Ensure great customer experience and satisfaction
The QA team isn’t just responsible for bug reports and ensuring quality standards. One of its core functions is also to enhance customer satisfaction and user experience with the product. That’s why QA testers usually run acceptance checks with your app’s end-users to gather feedback from the most interested parties and see what needs improving and what’s working well. This helps your team see if the product is ready for launch and offer it to your target audience.
The Core QA Team Structure
Now that you know more about the major responsibilities and functions of a quality assurance team, time to take a closer look at its main members. Sure, the team size can vary depending on your project and budget, but it’s best to have the following team members for proper QA test runs:
QA lead
QA leads can gather and manage the whole team from scratch or collaborate with the existing talent. If necessary, they can recruit and interview new QA engineers necessary for proper project completion. They also coordinate the whole team.
They’re also responsible for developing and finalizing a testing strategy, maintaining the whole QA process, and picking the best tools for performing these checks. If a QA lead joins an existing team, they’re eligible for optimizing their work and improving efficiency. These professionals take care of the final reporting and checks before approving the product for you. Finally, a QA team lead works closely with the dev team to enhance product development.
QA leads, as the critical team members, have to always be involved as full-time employees as they’re responsible for multiple tasks and must regularly monitor other processes and colleagues’ performance.
QA Engineer Manual
Manual QA engineers analyze test requirements for each project and create test cases. They also run these tests themselves and check your product’s functionalities, and detect bugs. If there are any, manual QA engineers report them and work together with the development team to fix and prevent (or minimize) them in the future.
For small-scale structures like simple mobile apps or websites, manual QA engineers can be involved as part-time employees. However, depending on the workload, they can join your teams full-time too. For larger projects like cryptocurrency platforms or eCommerce websites, manual engineers need to work full-time. Manual engineers should, in most cases, always be a part of your
QA team.
QA Engineer Automation
Automation testers support manual engineers and help automate routine tasks and operations to direct manual resources into more complex and relevant tasks — for example, those requiring a more creative approach or simply a human factor.
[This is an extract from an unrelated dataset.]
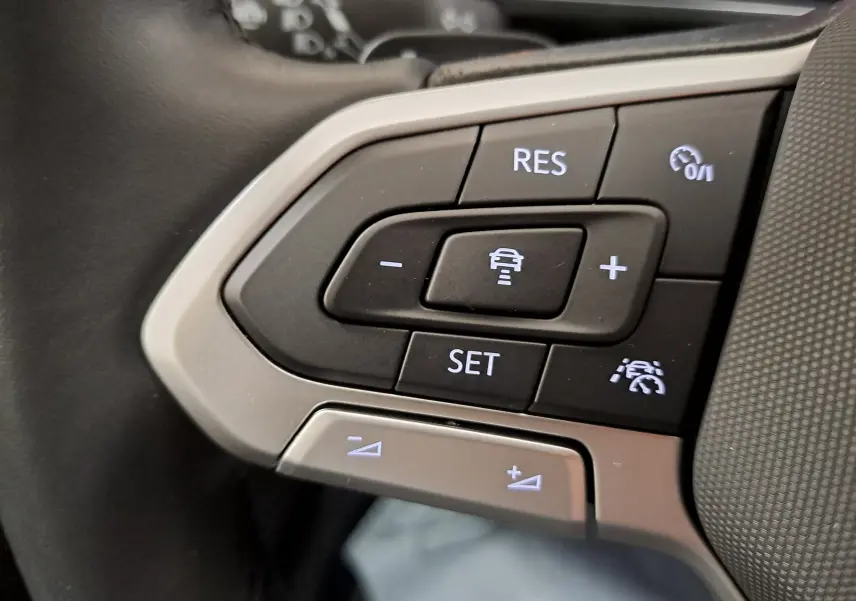 Gros plan sur les commandes de régulateur de vitesse au volant du Volkswagen T-Cross 2025 blanc pur R-Line Edition.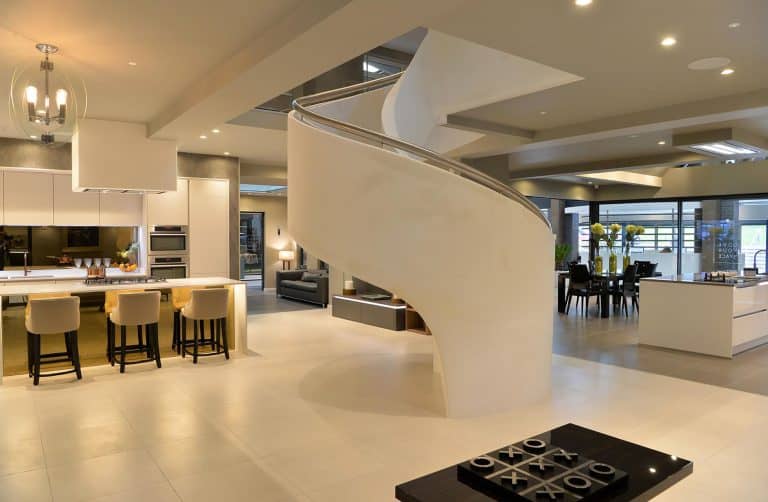 Modern, spacious open-plan living area with a central white spiral staircase, large kitchen island with bar stools, dining table, and bright lighting. Neutral tones and sleek, contemporary furniture throughout.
Plus, depending on seniority, they develop test automation frameworks or contribute to existing ones.
To ensure proper communication with the rest of your team and being on the same page with developers, automation engineers set up a reporting portal. It helps promptly inform the team about existing bugs and start fixing them. Apart from that, automation engineers run relevant checks and create testing pipelines. Finally, they analyze and report test results together with detected issues.
Automation engineers usually work with middle- or large-scale projects such as crypto wallets, blockchain networks, eCommerce or retail platforms, payment providers, etc. In both cases, they should be employed full-time to ensure timely and effective project completion.
QA Engineer Performance
These QA team members analyze and define the key product performance metrics together with the team of architects. Performance engineers also design and create performance tests and testing strategies to analyze how your product work at different load volumes. Together with this, they run performance test scripts and provide reports on any issues that occur throughout these tests.